Само собой разумеется, что при таких условиях «Кольское китоловство» не оправдало возлагавшихся на него надежд. При первом же выходе из Архангельска в 1725 году китобойный корабль «Грунланд- фордер» разбился в Белом море у Зимнего берега близ становища Майда, а два других «с немалыми повреждениями» добрались до Колы и на промысел не вышли. Вместо погибшего корабля был приобретен в Гамбурге новый, названный «Архангел Михаил».
Все корабли были хорошо оснащены. Они ежегодно отправлялись в воды, где киты водились в изобилии, но добычи не привозили. За весь 1726 год не было убито ни одного кита! В августе 1729 года Коммерц-коллегия, заслушав «экстракт», или ведомости, о деятельности «Кольского китоловства», отметила, что в 1727 и в 1728 гг. «толиким числом служителей» было «уловлено 2 кита, а третей найден на берегу выброшенной», а в 1729 году «на трех кораблях, со всякими потребностями вновь и во всем снабденными, по полученным из Гамбурха ведомостям, уловлено два кита, которые, ежели, например, оценить против примерной уловленных прежних двух китов и с усами — четыре тысячи пятьсот шестьдесят два рубли двадцать пять копеек. А на содержание тех кораблей требуетца в год двенатцати тысяч девятисот сорока одного рубля дву копеек, и с чего ясно казне убыток». При этом комиссия высказала суждение, что «к тому промыслу иностранные служители к ловлению китов не токмо какое усердие показывают, но и всякое зломысленное препятствие чинят, имея может быть от гамбургских командующих магистратов или от торгующих таковою ловлею тамошних жителей тайные инструкции, дабы тако российской заведенной промысл весьма опровергнут был, как и прежде сего о заведении фабрик российских гамбурцы и галанцы всякими образы тщилися чинить, о чем в Мануфактур Конторе ведомо».[55]

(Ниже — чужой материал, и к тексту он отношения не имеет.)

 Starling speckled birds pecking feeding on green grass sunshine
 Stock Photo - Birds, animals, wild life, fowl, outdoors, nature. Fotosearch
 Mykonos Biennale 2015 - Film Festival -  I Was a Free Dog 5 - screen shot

И если в далеком Петербурге стало для всех очевидно, что в «Кольском китоловстве» происходят неслыханные злоупотребления, то русские поморы беспрестанно наблюдали их во всем их неприглядном бесстыдстве. Поморы видели, как хищничествуют и бездельничают иноземцы, как губят они большое государственное начинание, надувают казну и обирают русских, урезывая и без того скудные их заработки.

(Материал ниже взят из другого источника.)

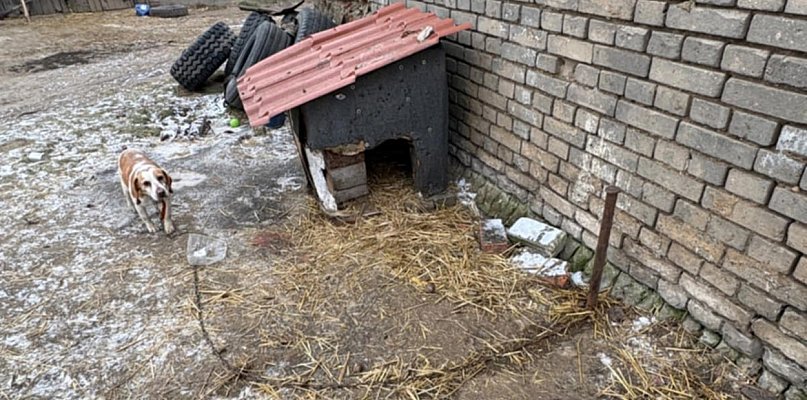 Bez wody, jedzenia, na krótkim łańcuchu. Właścicielka nie widziała w tym nic złego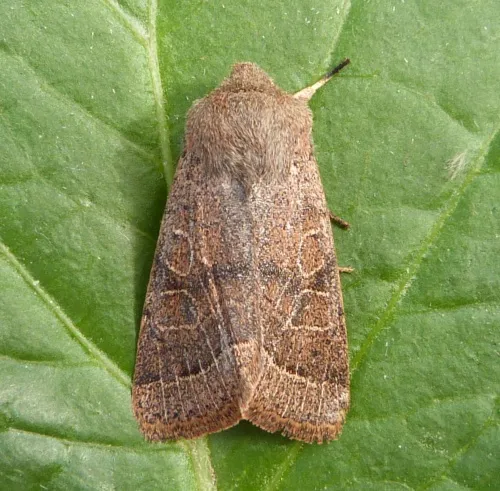 Common Quaker - photo 3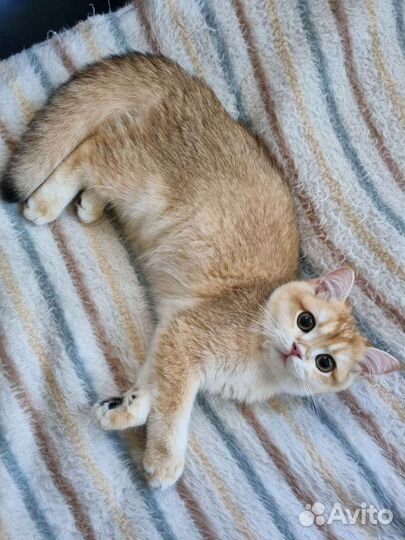 Малыши британской зотолой шиншиллы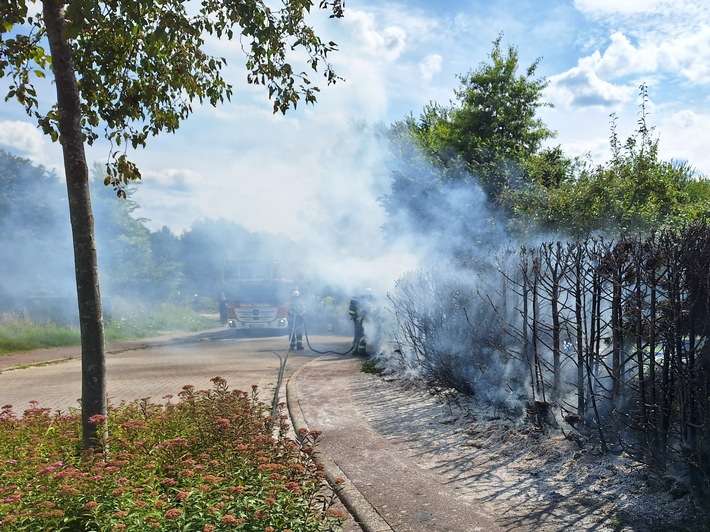 FW Bocholt: Heckenbrand in Mussum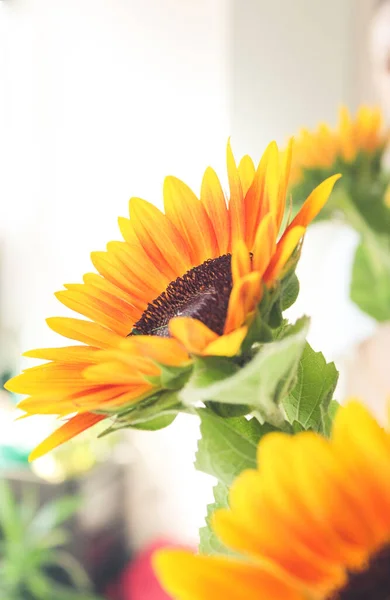 Leuchtend Gelbe Sonnenblumen Innenraum — Stockfoto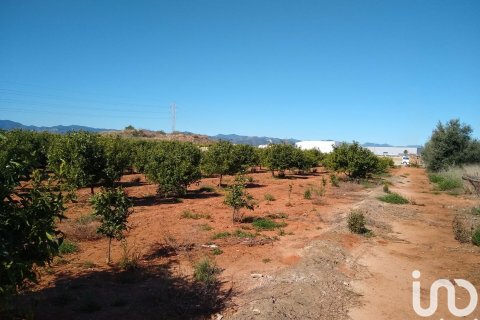 Земельный участок в Вила-Реаль, Кастельон, Испания 3058м2 №154264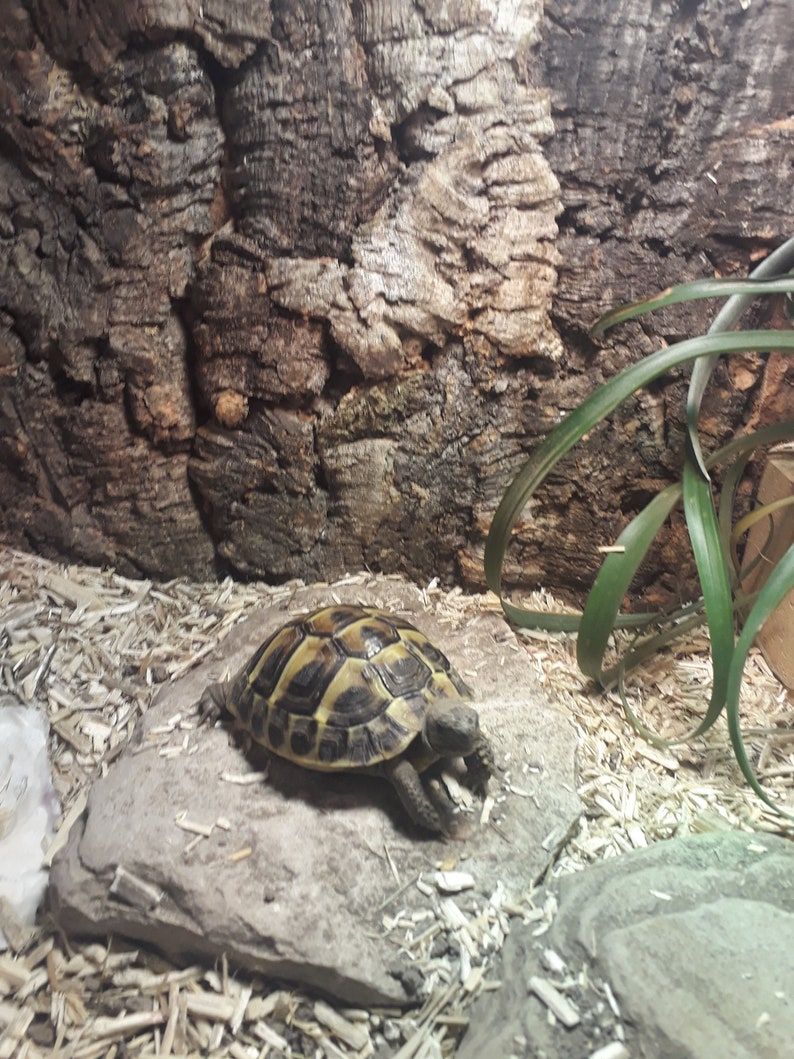 Natural Cork Tile Panel Background Wall 3D Reptile Terrarium Etsy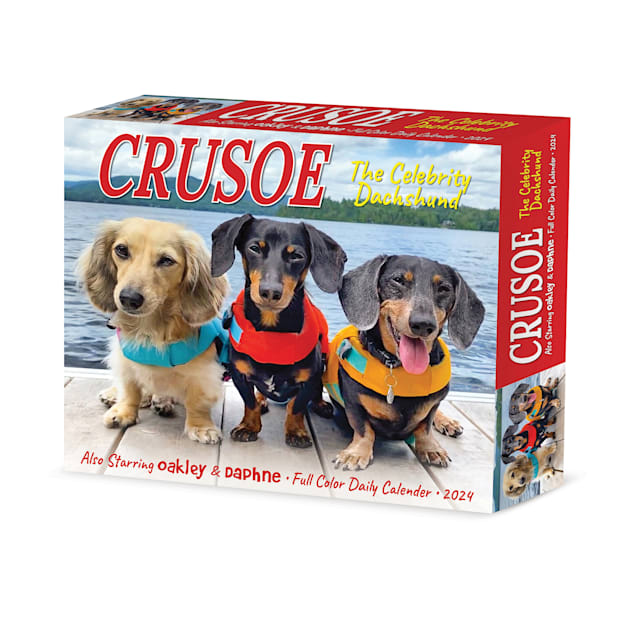 Willow Creek Press Crusoe the Celebrity Dachshund 2024 Box Calendar, 6.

Особенно много толков обо всем этом было на Курострове, где под боком строили китоловные суда и горячо обсуждали их мореходные качества и пригодность для промысла, судьба которого всех живо интересовала. А такому бывалому мореходу, как В. Д. Ломоносов, привелось и самому принять некоторое участие в делах «Кольского китоловства». Как надежному кормщику и добросовестному человеку, ему поручали перевоз особо ценного груза и мешков с монетами из выручки конторы китоловного промысла, как о том свидетельствует следующая запись:
«1727 кредит.
Август 7, 19, 31, сентября 22, 25.
Принято присланных ис Колы ис канторы китоловного промысла ефимков с салдатами Лукою Турчаниновым с товарищем.
С командором с Ерентстантером, с Ываном Сухановым, с Михаилом Мотовиловым, с Васильем Ломоносовым, Степаном Еремеевым, которым явилось щетом:
галанских и в половинках и в четвертинках — 27281/2
францужских и в половинках — 941/2
плешков — 221
разных государств и в половинках и в четвертинках — 30323/4
банковых и в половинках — 16621/2
в том числе левик—1, плохих — 4
пиястровых весом — 1 пуд 32 фунта 10 зо[лотников]— 110
[Всего] 88451/4».
В другой раз, возвращаясь в 1728 году из Колы в Архангельск, В. Д. Ломоносов на своем судне доставил на компанейский двор бочку спермацета, вываренного из головного мозга кита, анкерок лоя [56]и деньги.